Call for survivor-friendly approach to investigate human trafficking casesExperts urge adopting Forensic Experiential Trauma Interviews approach for better dealing with survivors and investigating such cases.
Anti-human trafficking workers, human rights activists and law-enforcement agencies have stressed the need for adopting a survivor-friendly investigation system for effectively dealing with human trafficking incidents and ensuring victims' access to justice.
Pointing out the lapses in the traditional investigation system, which remains generic and at times end up further victimising the trafficking survivors, they have called for a victim-centric approach while investigating trafficking cases.
According to Indra Raj Bhattarai, director of KIN Nepal, a non-governmental organisation working in controlling human trafficking incidents, survivor-friendly and scientific investigation is required to deal with cases pending in courts.
“We hear about thousands of human trafficking survivors getting rescued and repatriated, but only a few hundred cases are taken to the court. This happens because of shallow investigation,” said Bhattarai. “Traditional investigation system fails to take the pain and struggle of survivors into account. Hence, it ends up making them feel further victimised. Through such technique, the required information can never come out. A lack of evidence only weakens the investigation.”
According to experts in the field, Forensic Experiential Trauma Interviews (FETI), an emerging approach of interviewing survivors of sexual assault and human trafficking, could be useful in investigating such cases.
The FETI is known for keeping the survivors at the centre and gathering the best possible evidence in ways without traumatising them so that they could provide information that is more accurate and consistent.

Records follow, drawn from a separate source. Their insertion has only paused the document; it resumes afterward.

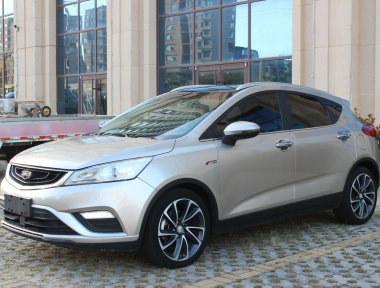 GEELY Emgrand GS 2016 car image 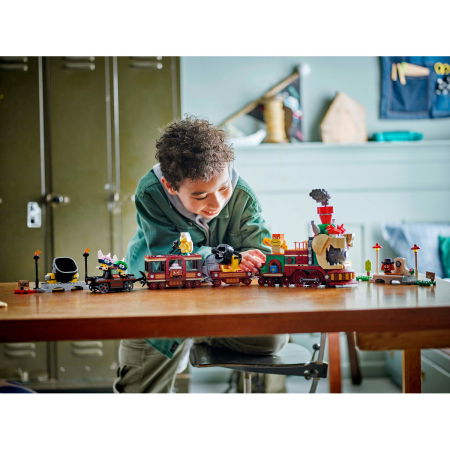  LEGO®  Super Mario - Expresul Bowser (71437), 1392 piese [4]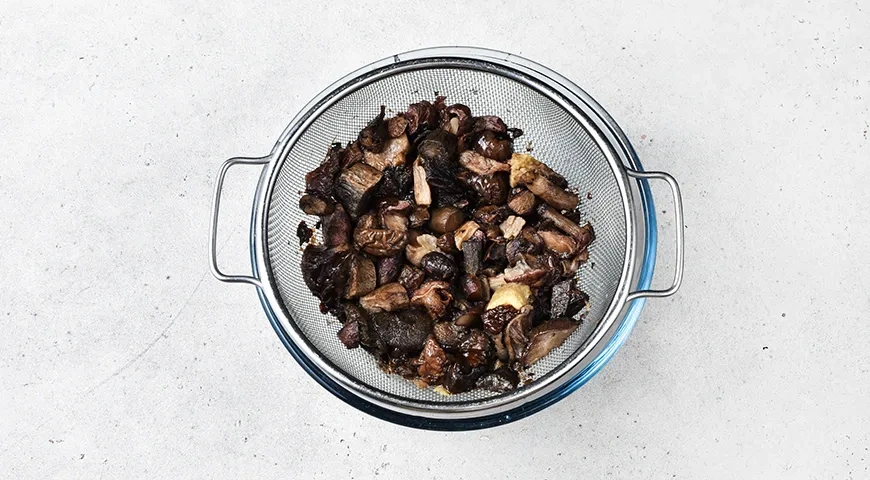 Грибной суп с мясом: шаг 2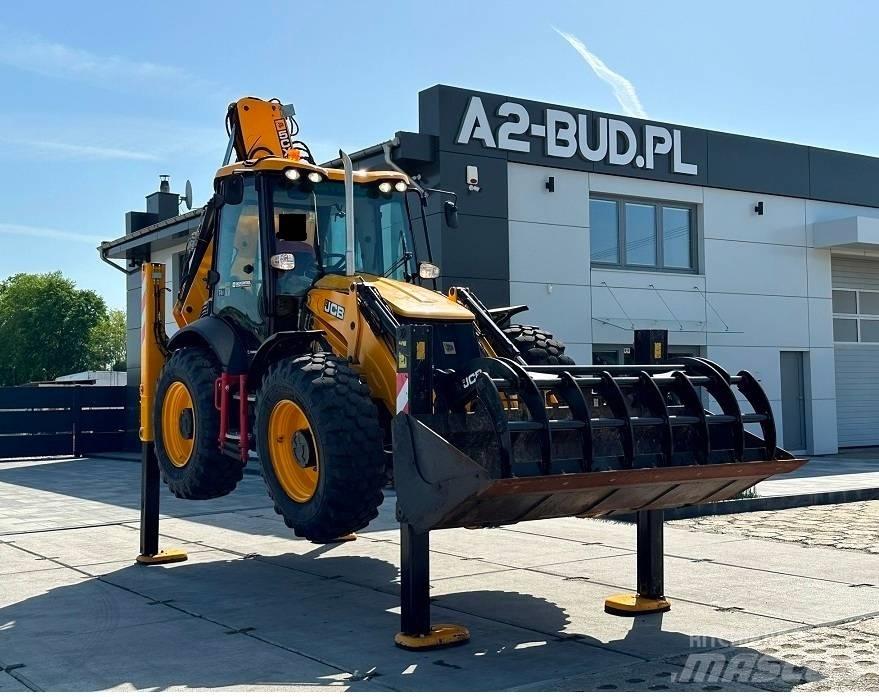 JCB 5 CX Wastemaster Kazıcı yükleyiciler - beko loder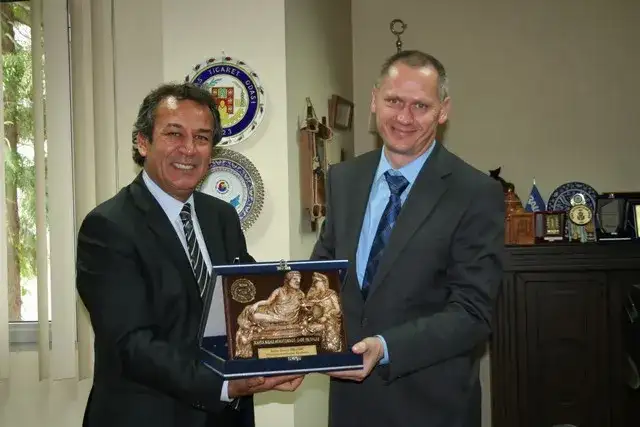 Hırvatistan’ın Türkiye Büyükelçisi ile İzmir Fahri Konsolosu MİTSO’da “MİLAS KUTSANMIŞ BİR YER” - 5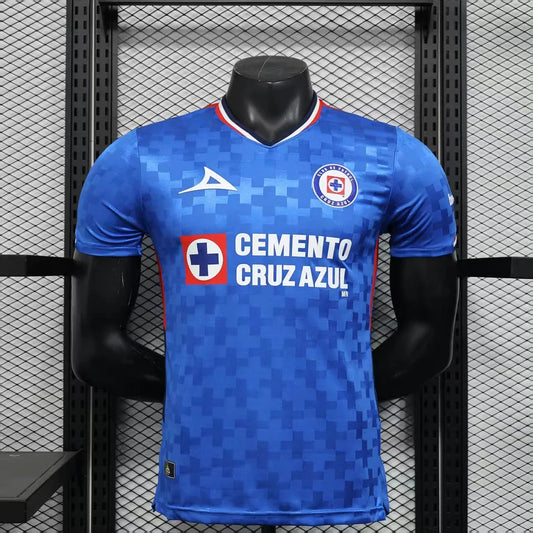 Authentic Cruz Azul Home Jersey 25/26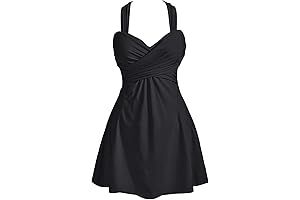 Trendy Plus Size Swim Dresses for Curvy Women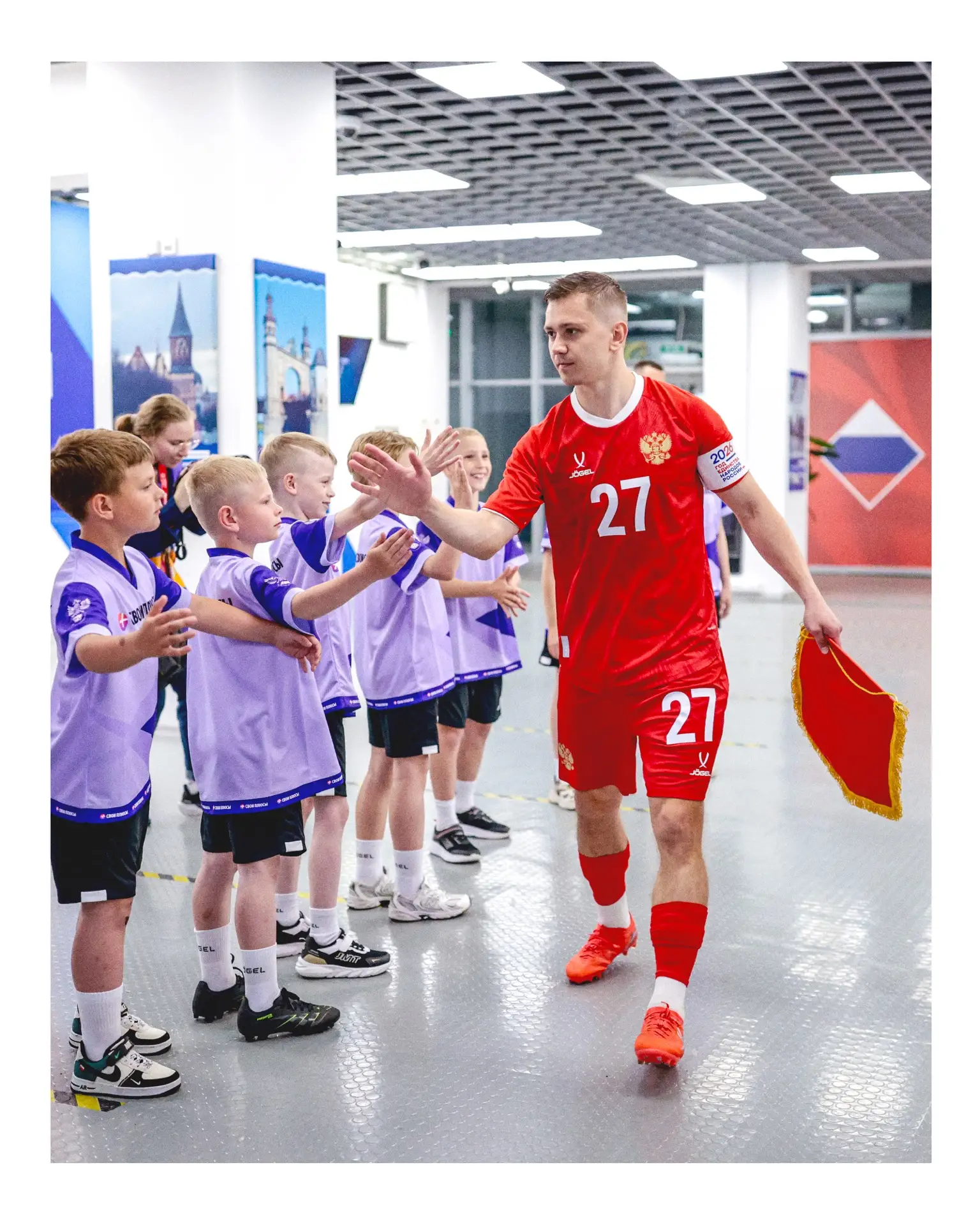 Перерыв на сборные – всё! Чем запомнился летний вызов для наших игроков:

🇷🇺 Круговой, Баринов и О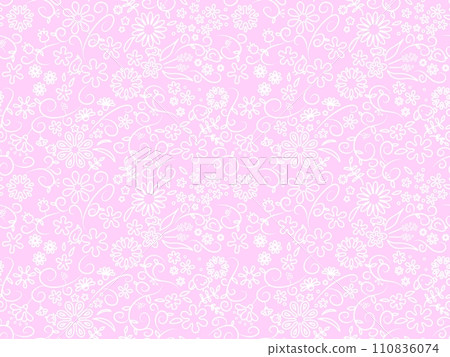 flower, flowers, bird 110836074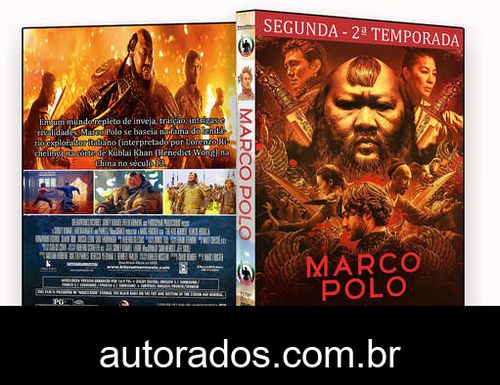 Marco Polo 2ª Temporada Completa (2016) DVD-R AUTORADO –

“For implementing the FETI approach, we need more professional and skilled interviewers,” said Bhattarai, during the launch of resource materials on ‘Victim Centric Forensic Interview’ in Kathmandu on Monday. “Survivors feel more relaxed in a friendly environment where their privacy is safe. With the trust-building with the interviewer, survivors open up and cooperate in the investigation.”

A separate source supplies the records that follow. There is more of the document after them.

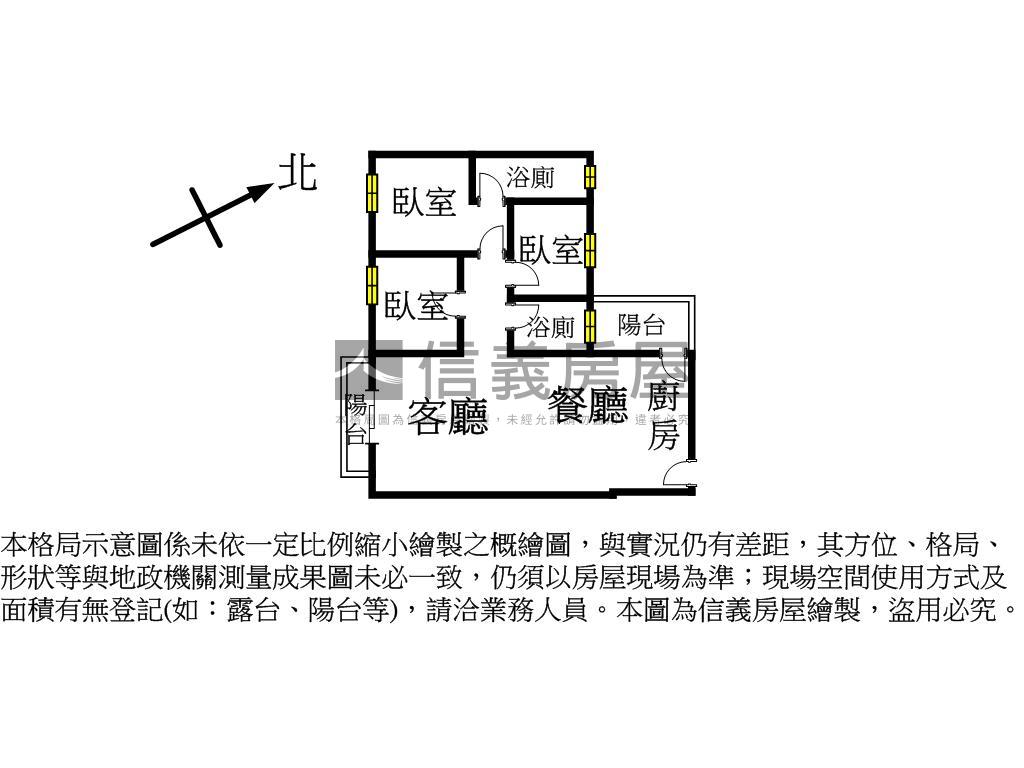 大觀雲匯高樓景觀戶房屋室內格局與周邊環境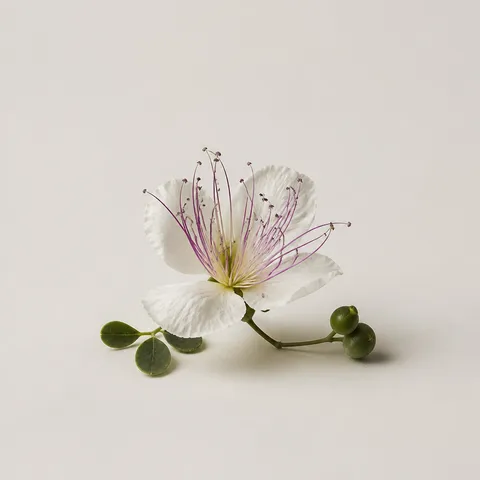 アフリカンケッパーの花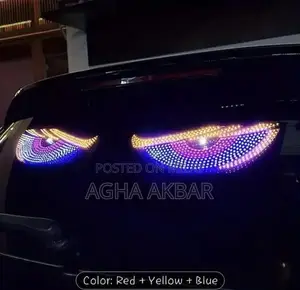 2pcs  dynamic LED devil eye,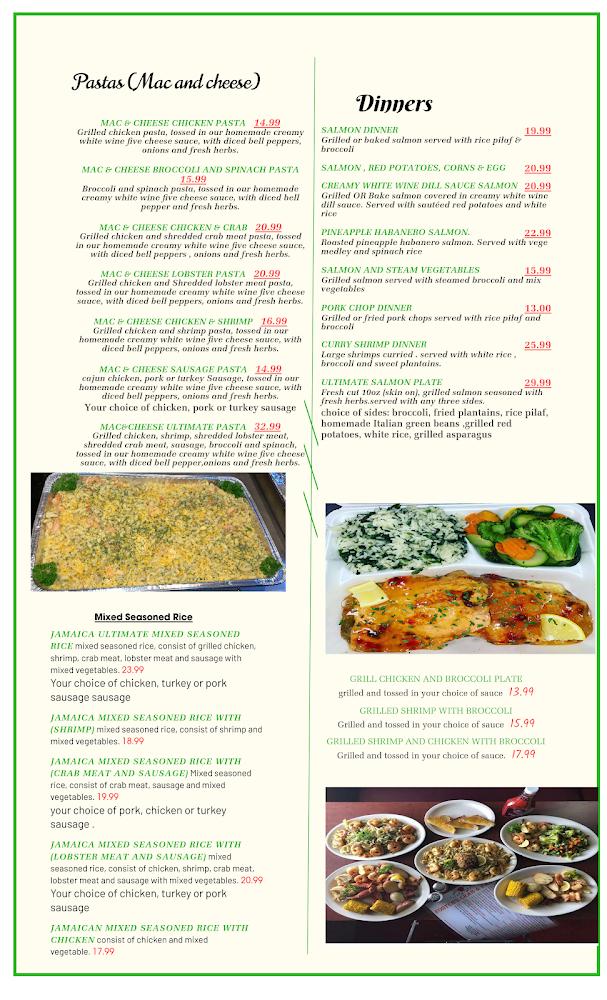 Foster Crab & Pasta LLC Menu image 2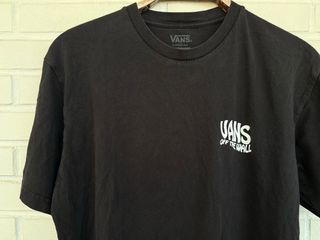 Camiseta manga corta negra VANS talla M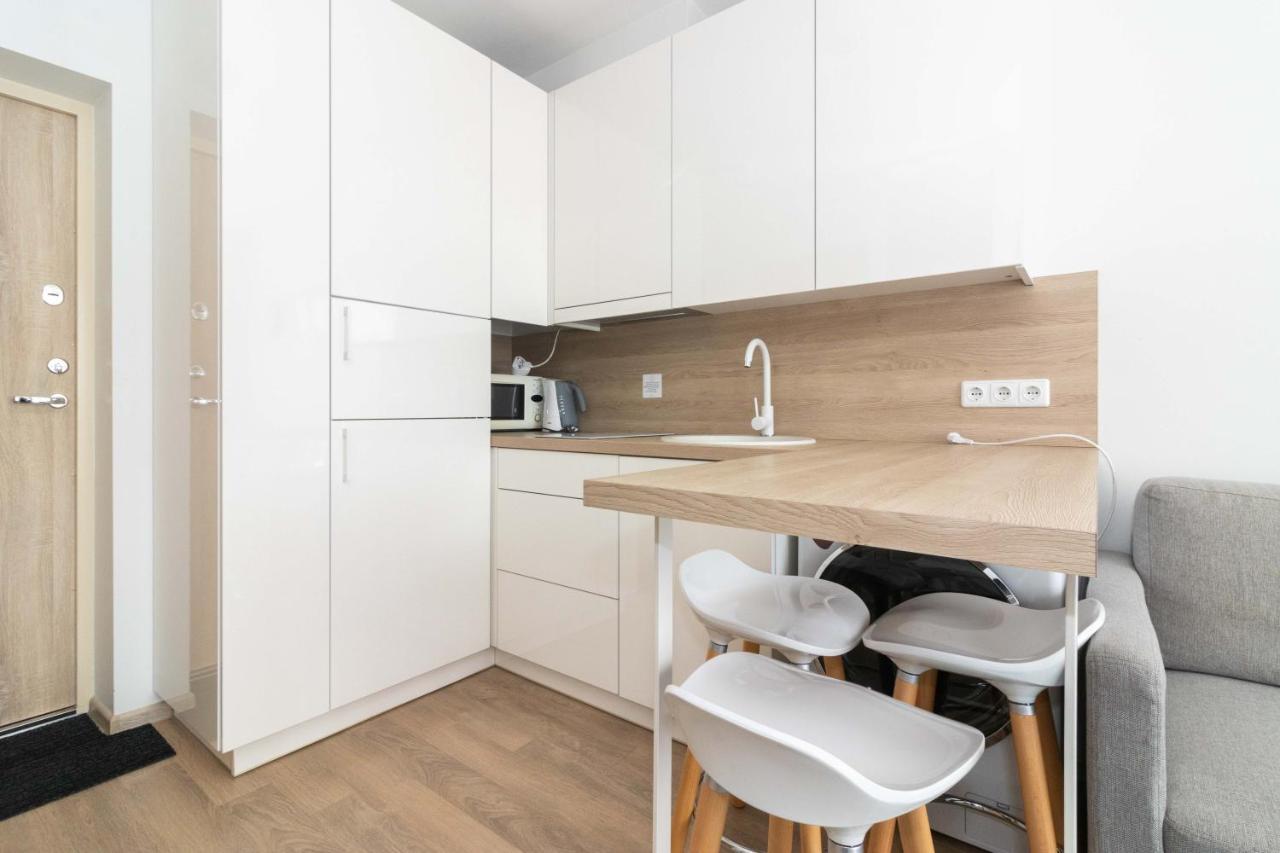 Maluno Vilos Apartments Паланга Экстерьер фото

Law enforcement agencies are often criticised for their cold treatment of the survivors of human trafficking and sexual assaults, as the police force is heavily male-dominated and largely untrained to deal with such cases, which could result in flawed investigations.

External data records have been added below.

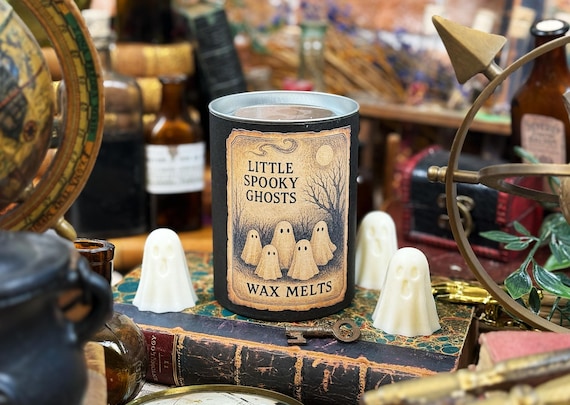 Little Spooky Ghosts Wax Melt Tin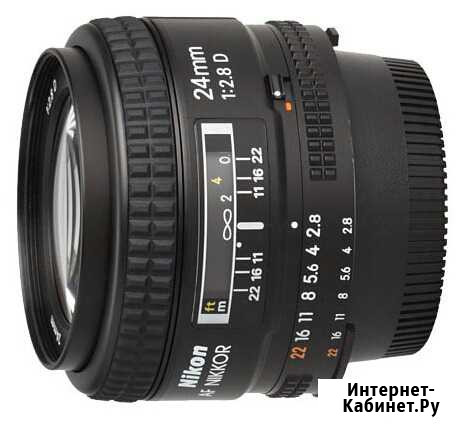 Объектив Nikon 24mm f/2.8D AF Nikkor Чита - изображение 1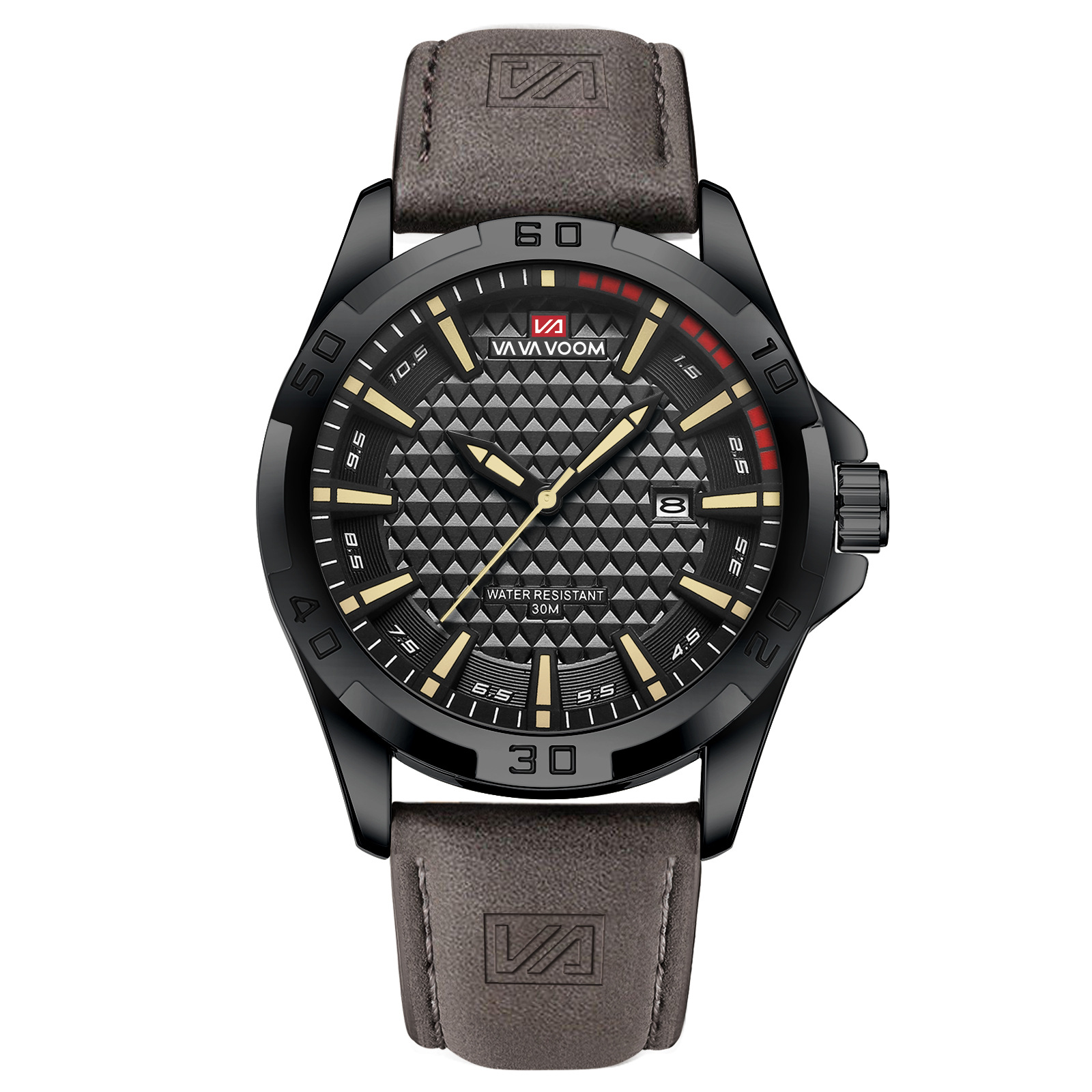 VAVAVOOM 2581 Large Dial Conce - Smartwatch Premium Watches For Men 评论和价格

According to Chandeshwar Shrestha, president of Nepal Bar Association, the constitution guarantees protection rights of victims of crime and victim-friendly investigation of such crimes.
“If the defence lawyer is not aware of the victim-centric approach like FETI, then even the same lawyer who is there to ensure justice cannot do their work effectively,” said Shrestha. “Lawyers should also be trained in this technique.”
Human trafficking remains a major challenge for the country. Every year, hundreds of Nepalis are said to be trafficked to various countries. Even for those who are rescued, access to justice remains a far cry because of sluggish investigation and drawn-out court proceedings.
“A research in the US has shown that nearly half of the victims who approached the government agencies for justice were treated indifferently. We can imagine the ongoing practice in our country,” said Tek Narayan Kunwar, a judge at Patan High Court. “The FETI approach begins with statement recording. The existing laws don’t stop us from implementing the victim-friendly investigation system.”
Kunwar suggested that the FETI model can be adopted from one district as a pilot project before taking it to other parts of the country.
“We may not have the required experts and skilled interviewers right now, but we can practice with the available resources,” said Kunwar. “Our agencies are already conducting investigations. They just need to be done effectively by keeping the victims at the centre.”